Prostate tumors, like breast tumors, can be grouped into molecular subtypes; in this study, tumors were classified as either luminal B or non-luminal B. Luminal B tumors grow more quickly and are highly responsive to hormone therapy. Non-luminal B tumors, including luminal A and basal-like subtypes, are generally less dependent on testosterone and may not respond to hormone-based treatment. Dr. Spratt compared the advance to breast cancer, where estrogen receptor status helps guide endocrine therapy decisions.
In the BALANCE trial, 295 patients with recurrent prostate cancer and no signs of metastasis were enrolled at cancer centers across the U.S. All patients had undergone prostatectomy and were experiencing a rising PSA (86% with entry PSA of <0.5 ng/mL). They were randomized to receive a standard course of radiation therapy with six months of either apalutamide (a second-generation anti-androgen therapy) or placebo.
Tumors were tested for their PAM50 subtype and grouped as luminal B (n=127) or non-luminal B (n=168). The primary endpoint was biochemical progression-free survival, a measure of whether the cancer returned based on PSA levels, recurrence, metastasis or death. Median follow-up was 5 years.
Patients with luminal B tumors saw a significant benefit from hormone therapy. Their five-year biochemical progression-free survival was 72.4% with apalutamide, compared to 53.9% with placebo (p=0.0062). In contrast, those with non-luminal B tumors saw no benefit, with nearly identical five-year biochemical control between the hormone and placebo arms (70.2% vs. 71.1%, p=0.44).

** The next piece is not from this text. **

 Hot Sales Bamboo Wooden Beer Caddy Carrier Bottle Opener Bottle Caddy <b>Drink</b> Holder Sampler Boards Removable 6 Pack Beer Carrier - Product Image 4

A similar pattern emerged for metastasis-free survival. Among luminal B patients, five-year survival without metastasis was 94.7% with hormone therapy and 81.8% with placebo (p=0.029). No difference was seen in the non-luminal B group (89.9% vs. 89.3%, p=0.90).
"The patients with luminal B tumors saw a large benefit, both in reducing recurrence and lowering the risk of metastatic disease," said Dr. Spratt. "But for patients without this subtype, hormone therapy didn't change the outcome. That's incredibly valuable information when we're trying to personalize care."
Dr. Spratt said he believes the findings will be practice changing.
"This is the first prospectively validated predictive biomarker in prostate cancer," he said. "It gives us a promising way to personalize care, recommending hormone therapy for those who respond, and avoiding unnecessary treatment when it is unlikely to help."
While the BALANCE trial was designed as a phase II biomarker-stratified study, Dr. Spratt said the results were so definitive that a phase III trial is unlikely. "The magnitude of benefit — and the complete lack of benefit in some patients — makes it unlikely that we could ethically enroll patients in a follow-up trial," he said. "PAM50 could now be used in recurrent prostate cancer to support shared decision-making."